Number of patients initiated before and during the mobile clinic

Between the availability of hepatitis C treatment program in Kirehe and Rwinkwavu district hospitals in September 2017 and the start of the mobile clinic program, 408 patients initiated treatment for hepatitis C. Two patients from Kayonza and 13 from Kirehe exhibited APRI score > 2 or other clinical signs of decompensation were referred to a specialist for liver ultrasound and hepatocellular carcinoma screening, per the national guidelines. Overall, the 429 of patients initiated during eleven-week period of mobile clinic campaign exceeded the total number of patients initiated during the previous 25 months of the hepatitis treatment program (Fig. 1).

Fig. 1
figure1

Comparison of patients with hepatitis C initiated before and during mobile clinic

Coverage of mobile clinic campaign

Using the REDCap database, we identified 661 patients with chronic hepatitis C in Southern Kayonza and Kirehe districts who were eligible for hepatitis C treatment initiation during the mobile clinic campaign. The 429 patients who were linked to care reflect program coverage of 64.9% (95% CI: 61.1–68.5%). Mobile clinic coverage was 71.3% in Southern Kayonza and 62.4% in Kirehe (Table 1). There was no difference in coverage between males and females, age, socioeconomic status, insurance status, marital status, or profession.

Table 1 Characteristics of patients. The overall samples size was 661. Sample sizes are given for each variable to reflect missing data

Patients with their full address recorded during screening were 3.10 times more likely to be reached during the mobile clinic (95% CI: 2.32, 4.16) while patients who had a telephone number recorded at screening were 1.79 times more likely to be reached during the mobile clinic (95% CI: 1.51–2.11). In general, missing data was much less common among the 416 patients identified during the September 2019 mass screening campaigns than among the 245 patients identified in previous campaigns. Data from these previous campaigns exhibited 61.2% missingness for telephone number, 40.8% missingness for complete address, and over 50% missingness for ubudehe, insurance status, marital status, and profession.

Cost of running the mobile clinics

As shown in Table 2, the total cost per patient initiated on hepatitis C treatment, including the cost of DAAs, was $89.36. DAAs reflected 67% of the total program cost while mobile clinic outreach activities cost $29.36 per person, reflecting only 32.8% of the total cost of the program. Besides DAAs, the largest costs associated with mobile clinic implementation were overhead and transportation.

Table 2 Cost of hepatitis C mobile clinic from the health care provider perspective. All costs given in US dollars

Out of pocket costs for patients

When estimating the expected out-of-pocket expenses among patients seeking to initiate DAA treatment, we found that patients covered using CBHI/Mutuelle program could expect to pay $ 9.87 more in out-of-pocket under the standard of care compared to under the mobile clinic model. For patients without CBHI/Mutuelle, the reduction in out-of-pocket expense was estimated at $19.71 (Table 3). This reduction is an underestimation of the true cost savings for the patients as it does not include the reduction in opportunity costs associated with decreasing the number of days patients spent in the clinic from two to one.

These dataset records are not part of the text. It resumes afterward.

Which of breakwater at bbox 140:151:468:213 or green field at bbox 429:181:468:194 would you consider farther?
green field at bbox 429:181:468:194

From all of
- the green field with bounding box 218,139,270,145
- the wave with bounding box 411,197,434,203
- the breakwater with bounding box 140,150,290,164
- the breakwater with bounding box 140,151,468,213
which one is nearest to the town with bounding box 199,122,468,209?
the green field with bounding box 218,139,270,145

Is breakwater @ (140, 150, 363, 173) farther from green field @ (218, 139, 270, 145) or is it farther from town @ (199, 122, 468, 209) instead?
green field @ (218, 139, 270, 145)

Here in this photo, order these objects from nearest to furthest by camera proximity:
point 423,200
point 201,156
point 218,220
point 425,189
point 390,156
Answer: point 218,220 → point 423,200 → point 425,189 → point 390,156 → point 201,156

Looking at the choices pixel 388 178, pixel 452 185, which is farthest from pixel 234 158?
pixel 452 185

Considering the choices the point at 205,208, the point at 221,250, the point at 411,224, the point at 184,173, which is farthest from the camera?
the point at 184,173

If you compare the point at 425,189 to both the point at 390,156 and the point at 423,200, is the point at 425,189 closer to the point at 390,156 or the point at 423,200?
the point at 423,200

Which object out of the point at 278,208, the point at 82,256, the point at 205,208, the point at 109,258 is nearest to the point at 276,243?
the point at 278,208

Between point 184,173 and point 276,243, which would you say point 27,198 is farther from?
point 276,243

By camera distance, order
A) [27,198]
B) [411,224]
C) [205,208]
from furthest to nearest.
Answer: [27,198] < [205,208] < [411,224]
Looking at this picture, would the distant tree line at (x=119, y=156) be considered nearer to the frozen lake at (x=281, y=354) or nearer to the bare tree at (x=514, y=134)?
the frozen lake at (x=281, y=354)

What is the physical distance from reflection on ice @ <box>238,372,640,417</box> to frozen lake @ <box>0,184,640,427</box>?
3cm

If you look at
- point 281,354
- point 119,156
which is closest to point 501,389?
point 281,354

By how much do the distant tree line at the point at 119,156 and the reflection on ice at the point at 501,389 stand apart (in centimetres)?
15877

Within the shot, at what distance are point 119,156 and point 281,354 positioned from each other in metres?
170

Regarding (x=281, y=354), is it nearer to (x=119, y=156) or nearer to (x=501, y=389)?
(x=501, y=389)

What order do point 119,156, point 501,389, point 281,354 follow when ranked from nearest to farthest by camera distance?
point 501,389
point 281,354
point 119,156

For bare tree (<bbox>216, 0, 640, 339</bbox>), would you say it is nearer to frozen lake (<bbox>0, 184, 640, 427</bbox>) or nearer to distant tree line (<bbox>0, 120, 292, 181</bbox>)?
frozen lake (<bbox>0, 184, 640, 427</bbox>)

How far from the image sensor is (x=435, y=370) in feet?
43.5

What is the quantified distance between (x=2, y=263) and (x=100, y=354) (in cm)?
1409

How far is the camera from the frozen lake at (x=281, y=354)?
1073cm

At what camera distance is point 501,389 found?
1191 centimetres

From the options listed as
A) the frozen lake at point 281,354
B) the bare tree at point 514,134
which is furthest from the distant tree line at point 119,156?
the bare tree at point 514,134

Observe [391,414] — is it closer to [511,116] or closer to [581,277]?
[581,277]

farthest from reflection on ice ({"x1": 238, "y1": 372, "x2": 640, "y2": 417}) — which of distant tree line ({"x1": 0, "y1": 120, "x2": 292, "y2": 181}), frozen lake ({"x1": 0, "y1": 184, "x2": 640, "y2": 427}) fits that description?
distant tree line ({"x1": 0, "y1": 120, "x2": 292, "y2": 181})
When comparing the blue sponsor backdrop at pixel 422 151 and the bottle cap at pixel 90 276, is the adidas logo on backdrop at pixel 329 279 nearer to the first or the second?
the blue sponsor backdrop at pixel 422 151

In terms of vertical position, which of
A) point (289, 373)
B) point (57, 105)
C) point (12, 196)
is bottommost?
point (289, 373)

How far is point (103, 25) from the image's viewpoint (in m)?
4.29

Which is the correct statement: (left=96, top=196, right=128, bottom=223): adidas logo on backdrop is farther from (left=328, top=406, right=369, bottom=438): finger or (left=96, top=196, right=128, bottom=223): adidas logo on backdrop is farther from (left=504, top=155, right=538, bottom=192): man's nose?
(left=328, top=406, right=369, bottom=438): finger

Table 3 Reduction in out of pocket expenses for mobile clinic patients (USD)

Discussion

Our experience demonstrates that mobile hepatitis clinics are a feasible treatment strategy to promote same-day treatment initiation for patients with hepatitis C in resource-constrained settings. Through our mobile clinics, we were able to initiate 64.9% of all patients awaiting treatment on DAAs during an eleven- week period. The number of patients initiated on treatment through the mobile clinic program exceeded the total number of patients who were initiated on treatment under the standard of care during the previous 25 months. While some of this difference may reflect expanded testing capacity in Rwanda as new initiatives that have been introduced, for example the adoption of rapid diagnostic tests and same-day venous blood collection for viral load testing during the mass screening campaigns, our results demonstrate that mobile clinics can be used to ensure prompt linkage to care where services are not decentralized. This strategy is especially useful following mass screening campaigns, when large numbers of patients are awaiting treatment initiation. To our knowledge, this is the first hepatitis C treatment mobile clinic program model implemented in Rwanda and sub-Saharan Africa. Our program may serve as a model elsewhere in Rwanda and to other countries seeking to scale up access to hepatitis C treatment.

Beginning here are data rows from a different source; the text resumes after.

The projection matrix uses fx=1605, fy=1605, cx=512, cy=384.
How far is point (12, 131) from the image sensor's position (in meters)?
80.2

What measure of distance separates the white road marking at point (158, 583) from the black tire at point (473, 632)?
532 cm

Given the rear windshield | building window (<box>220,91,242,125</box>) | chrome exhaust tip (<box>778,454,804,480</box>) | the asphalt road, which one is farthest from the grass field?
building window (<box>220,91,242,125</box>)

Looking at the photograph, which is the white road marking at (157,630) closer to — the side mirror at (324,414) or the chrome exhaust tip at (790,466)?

When including the cost of the DAAs in our program, we found that the costs of implementing the mobile clinic system reflected only 32.8% of the total cost per patient initiated. In Rwanda, where the national government is committed to providing DAAs free-of-charge to all patients with hepatitis C, this relatively small increase in per-patient costs may be an important investment to ensure adequate linkage to care and equitable access to treatment for all citizens. Although we did not conduct a formal cost-effectiveness analysis, the per-patient cost of this program compares favorably with an antenatal care program in Rwanda where the first visit costs $21 per woman [23].

The cost of our program also compares favorably to the cost of HIV care and treatment visits and antiretroviral therapy, which is estimated to cost an average of $208 per patient per year in Rwanda, Ethiopia, Malawi and Zambia [24].

Mobile clinics have successfully increased access to care in rural settings for other programs, including prenatal care, HIV, and other sexually transmitted infections [25]. Mobile clinics can be used to both reduce patient costs and improve health outcomes in underserved and vulnerable populations [26]. Since 83% of Rwandans live in rural areas [27] many of them have to walk long distances or arrange costly transport to access health services at district hospitals. We estimated that our mobile clinic program was able to cut transport time in half and reduce patients’ out-of-pocket expenses by $9.87. This is a meaningful cost reduction in a country where 43.1% of the rural population live under poverty and 18.1% in an extreme poverty [22]. Over one third of the reduction in out-of-pocket costs is attributable to our provision of free liver and renal function tests through the mobile clinic program. To strengthen support for vulnerable patients and to promote the goals of the national hepatitis C elimination campaign, the government of Rwanda may consider including liver and renal function tests as a covered service in CBHI/Mutuelle package at health centre for patients with viral hepatitis.

During the implementation of the mobile clinic, not all expected patients could be reached to schedule their appointment. Although we worked with community healthcare workers to seek patients in their home villages, some patients were impossible to contact, possibly because information was entered incorrectly during the mass screening campaigns. As evidenced by our analysis, having complete data on telephone number and address were strongly associated with being able to be linked to care during the mobile clinic campaign. To improve the effectiveness of these mass-screening campaigns, we recommend the adoption of high-quality training for data collectors, investment in an electronic data capturing system, and real-time monitoring and feedback to ensure that data collectors are collecting information as accurately as possible. When we have been able to implement these strategies in subsequent campaigns, we have found that it has substantially improved our ability to link patients to care, as partially evidenced by the lower levels of missing data during the September 2019 campaign compared to previous campaigns. Importantly, we did not observe differences in mobile clinic coverage by age, gender, or socioeconomic status, suggesting coverage of the mobile clinic program was relatively equitable across demographic groups.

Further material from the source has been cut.